What do you think about reintroducing this species? Or more generally what about the reintroduction of other species?

Posted
It is most common in streams and lakes of North America and Europe above 40°N latitude. They are fairly common in Lake Erie but are also found in the other Great Lakes.[/Quote]

 

http://en.wikipedia.org/wiki/Burbot

 

Most area of the UK, is probably a little to far south, based on London being 32N and much of the area borderline to their favored breeding conditions. However. I can't imagine a political opposition and other than water temperatures, I can't figure a scientific reason, frankly either direction, for or against.

Posted (edited)

Imho, you must seek for scientific reasons of why should you reintroduce the specie or not within the same area that studies environments and Ecology. In the first place you should know perfectly clear the reasons that lead to the extinction of the specie. If that interrogative, isn´t perfectly clear and you don`t make the adjustments to fix the issue, you could reintroduce the specie and maybe in some years to come it could probably disappear once again. Second you should consider that everytime a given specie disappears from any given habitat, the habitat must make arrangements in it in order to assure the subsistence of it by reaching a new equilibrium, and if you reintroduce the specie after more than 40 years of its original dissapearing, maybe the results in that habitat could be more damaging than the absence of the dissapeared specie, by forcing it to regain a new equilibrium, that is probable that it will not be as it was in the first place. Another very important issue, you don`t really know if the reintroduced specie will have the same behaviour than the specie that originally lived in the habitat, therefore the outcome of the reintroduction of it can be more hazardous to the environment than its lack (it will need another period of adjustment, that the habitat can probably not absorve).:confused:

 

Well another point to consider, is that in most experiments done throughout the world with the introduction of a diferent specie from a diferent habitat, the results of it, have been more damaging than the solution expected in the first place with the introduction of the new specie.

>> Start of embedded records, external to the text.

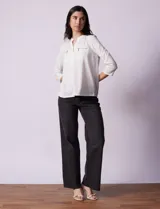 Blusa azul con cuello a la base y escote en V. Tiene bolsillos con cierre metálico.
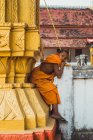 LAOS- 18 FÉVRIER 2018 : Jeune moine assis sur une clôture et regardant la caméra — Photo de stock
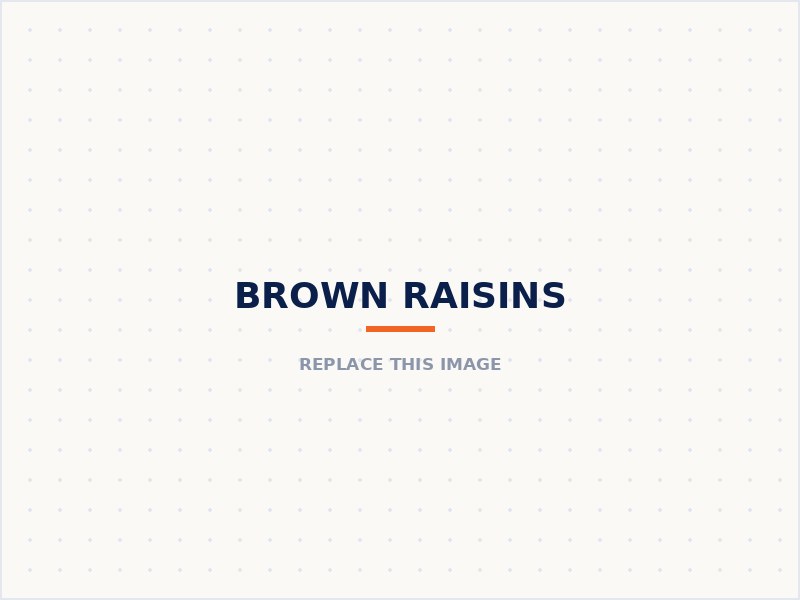 Brown raisins in a wooden bowl with fresh grapes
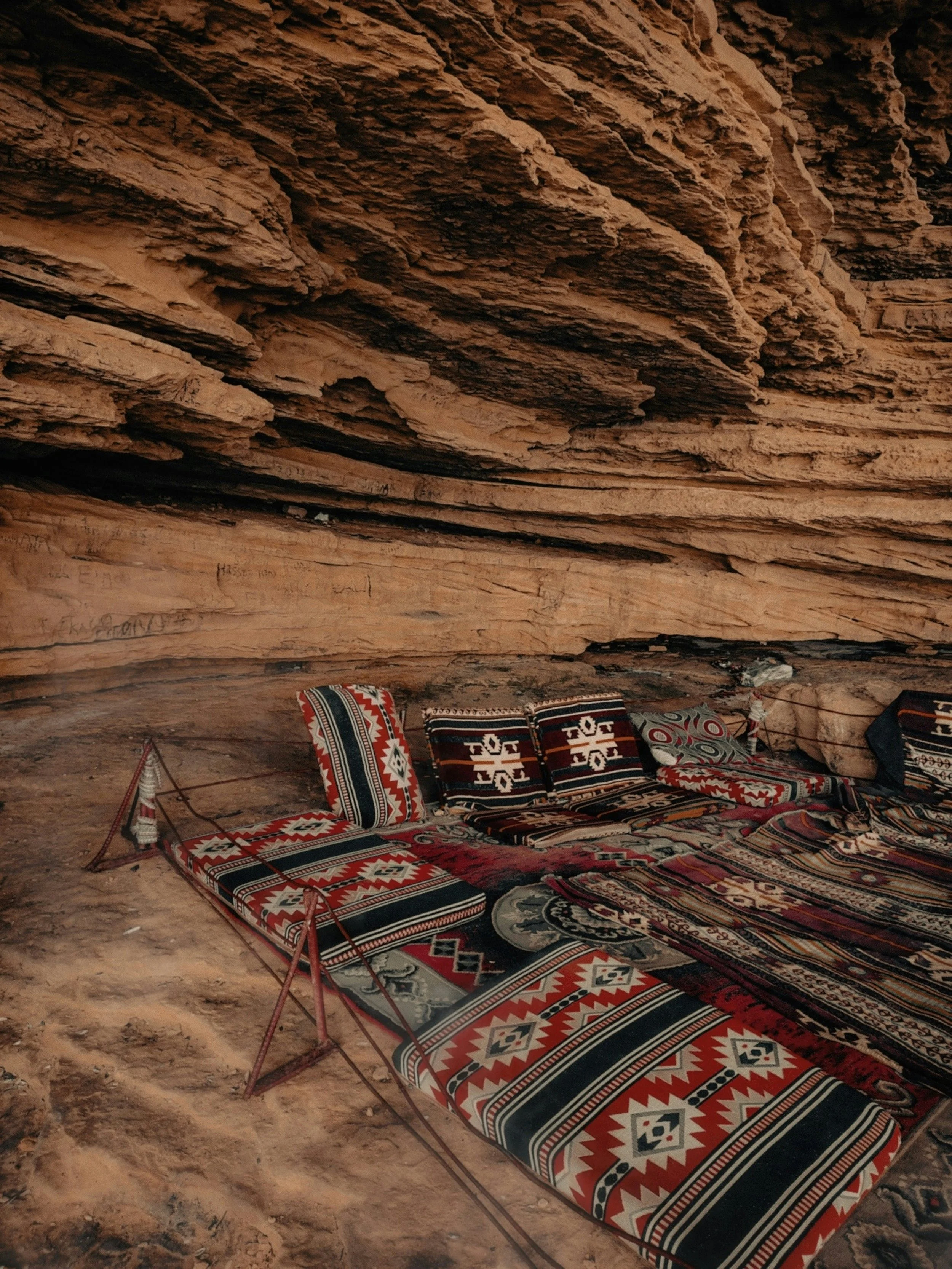Arab floor seating area with patterned blankets and pillows between walls of a mountain.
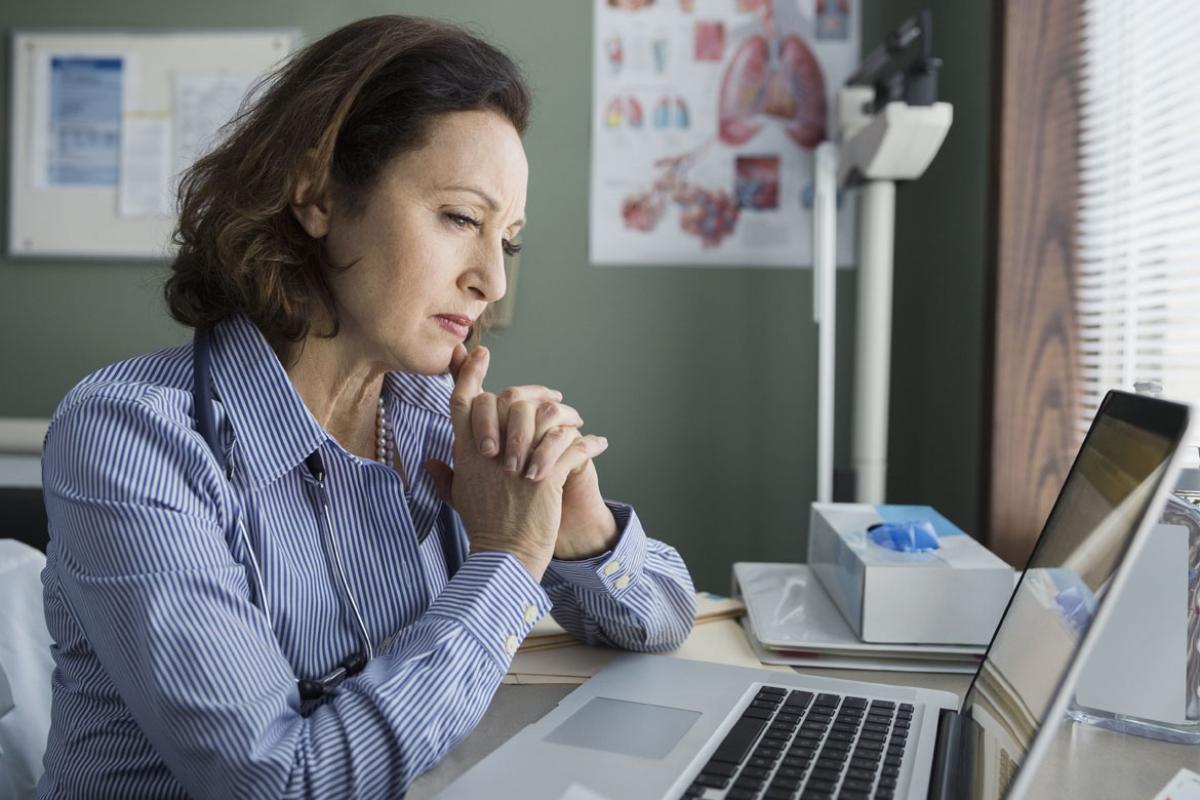 Woman watching a webinar on her computer.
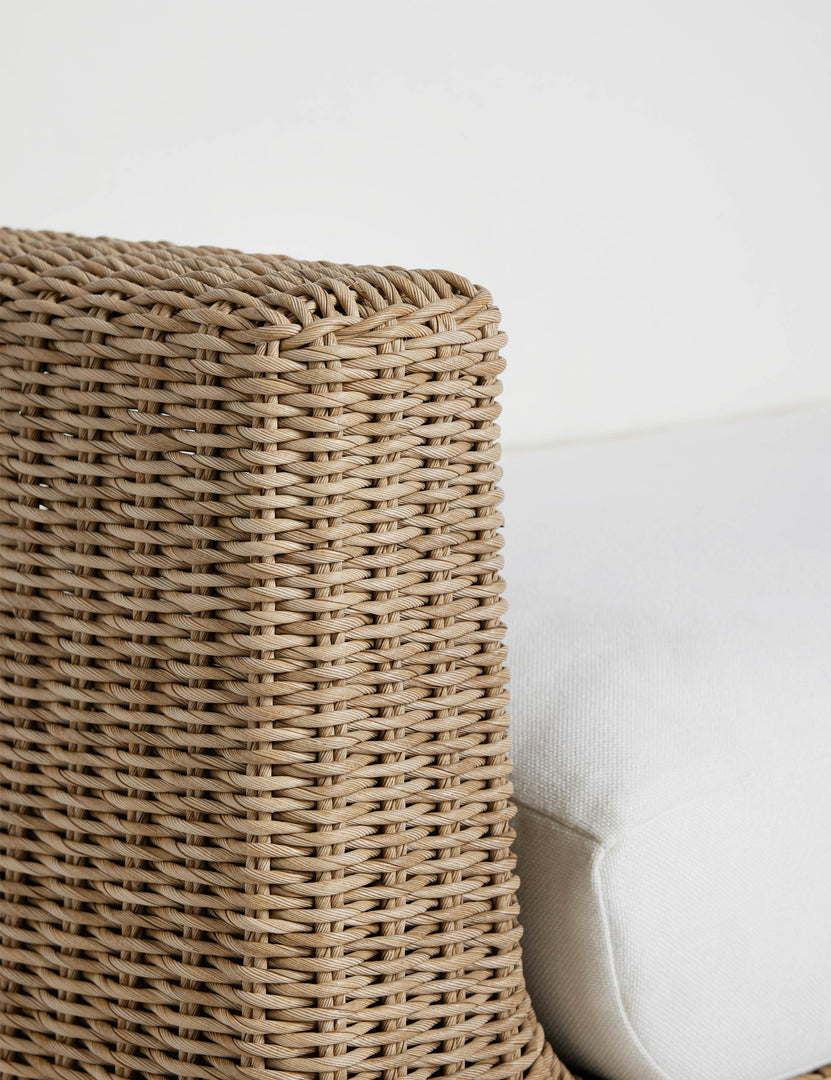 #color::natural | Close up of the wicker frame of the Aisha wide arm modern wicker outdoor sofa.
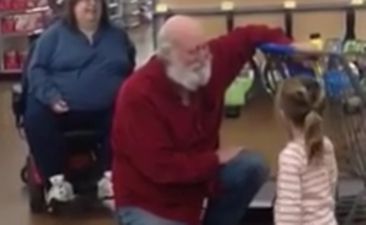 VIDEO: Little girl mistakes a random man in a shop for Santa and he plays along like a hero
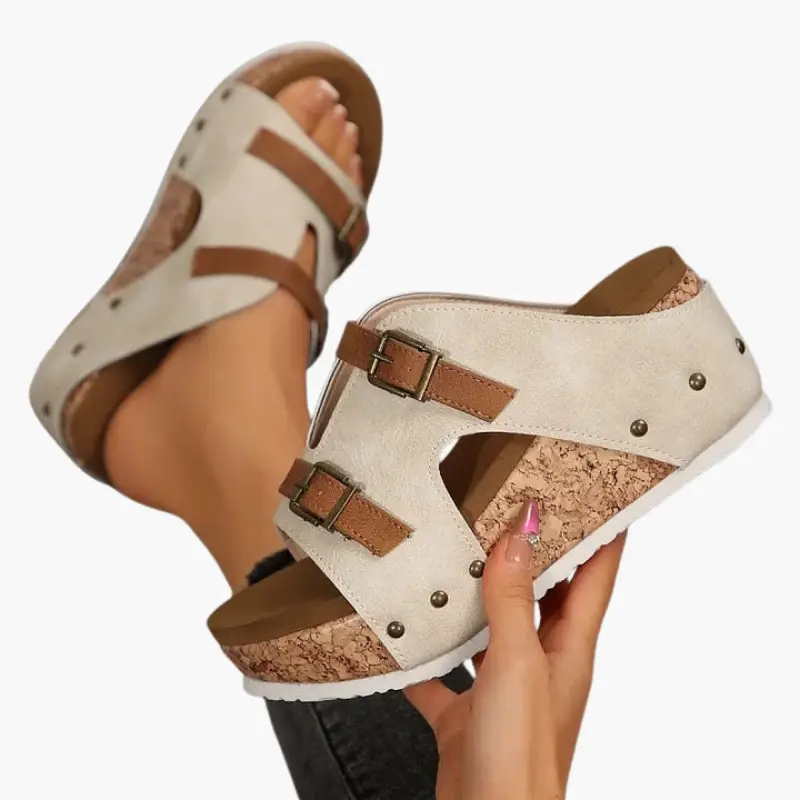 Pair of women's orthopedic sandals with wedge cork sole, beige suede upper and adjustable brown straps by Wilfred Smith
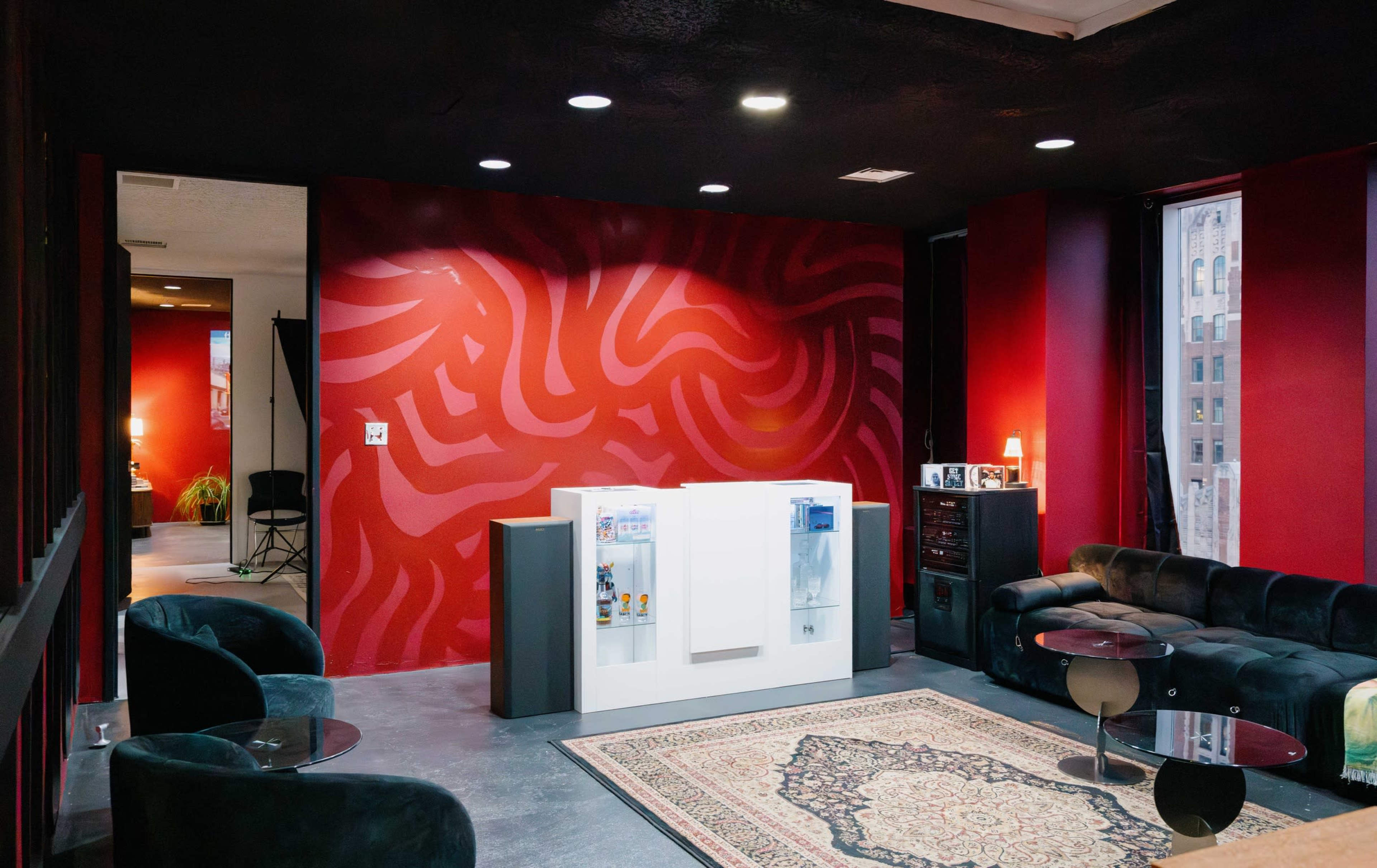 The image shows a modern interior space with red walls, a white refrigerator, and seating arrangements that include a dark couch and coffee table.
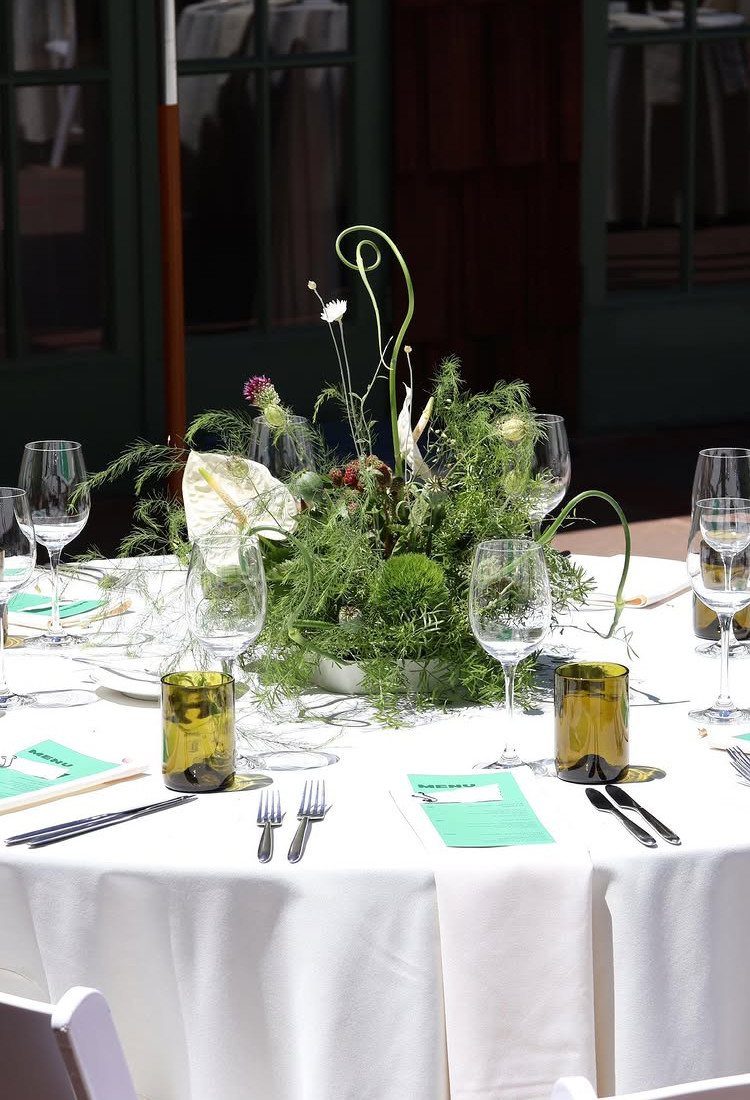 Green floral centerpiece with curly vines on a white wedding table setting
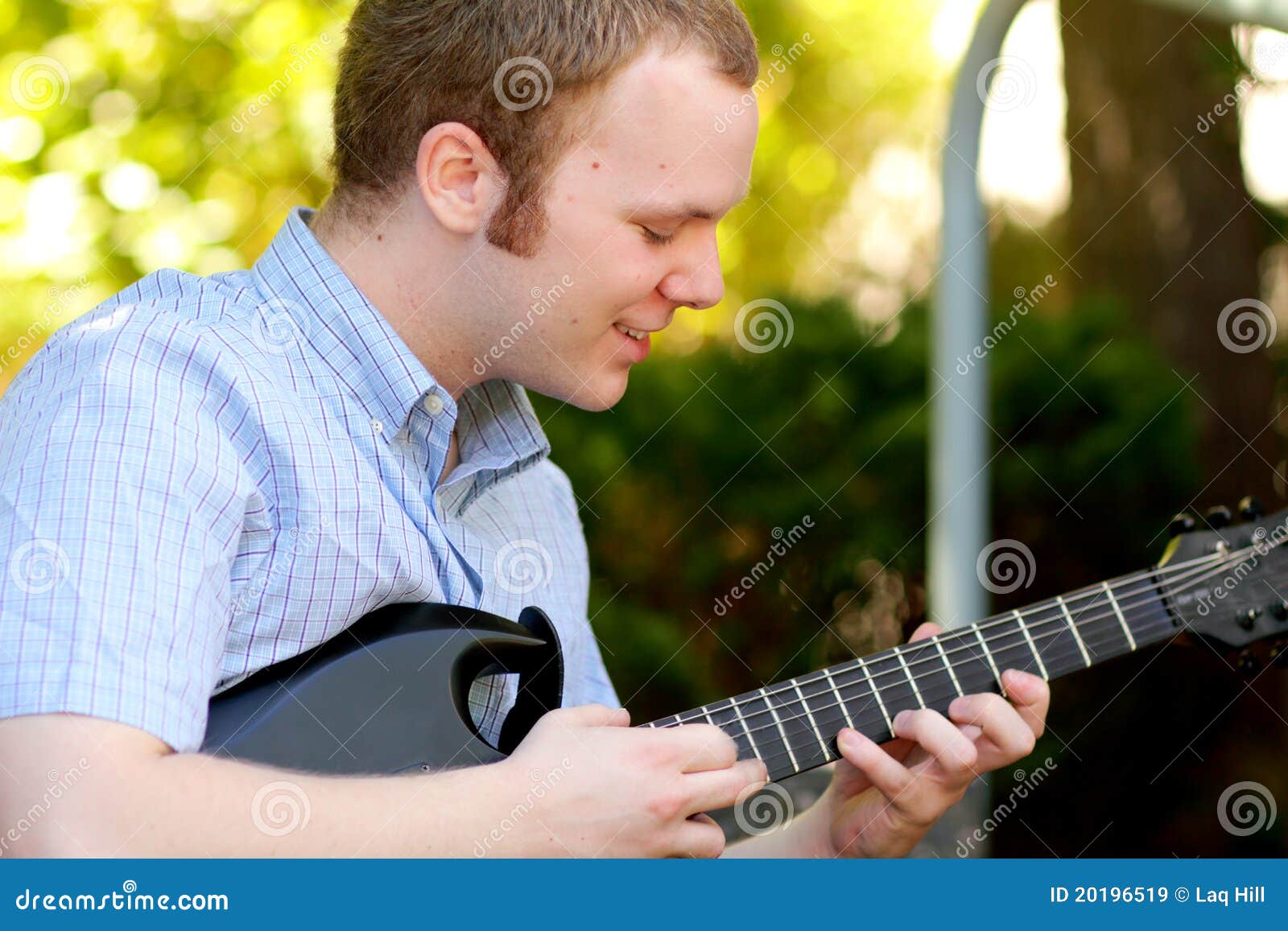 college boy concentrating on guitar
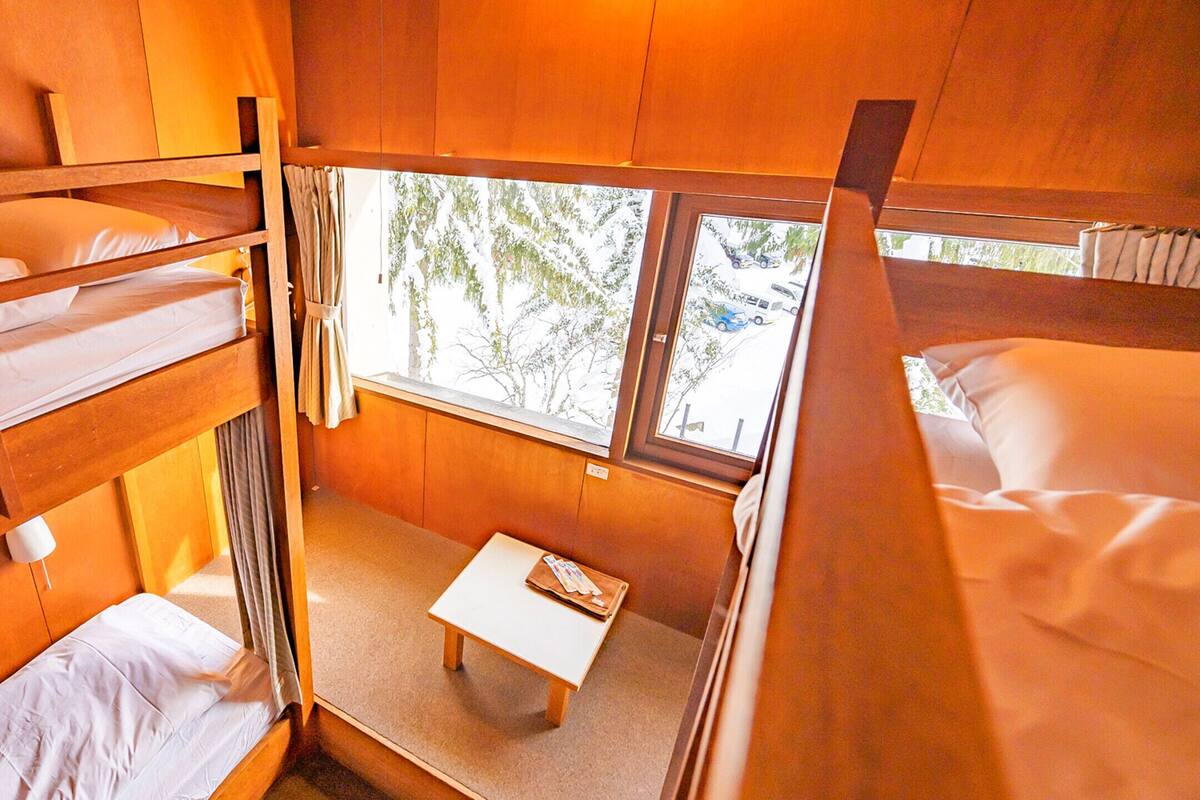 A bunk bed room with a small table and a window.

Examples of this are very numerous, but I think that in the case of Australia, they have had to learn about this "sour drink", with some of their experiments in the area (rabbits, coyotes that were suposed to eat rabbits but prefered eating other species instead, camels who resulted more succesful than the local fauna, and the Brazilian Amazon toad, which not having any natural predators have multiplied its numbers to proportions of a plague, etc.) :doh:

 

In the specific case of the American Burbot, I don`t think that it was the same specie as in the Brittish one, since their evolution in time and distance, probably has made them differenciate one from the other, to make two subspecies of it.

 

:):-):)

Edited by Rickdog
Posted

There are burbot in other European countries. To me it would make sense to concentrate on these.

 

One question you raise quite correctly is "will they just die out again?".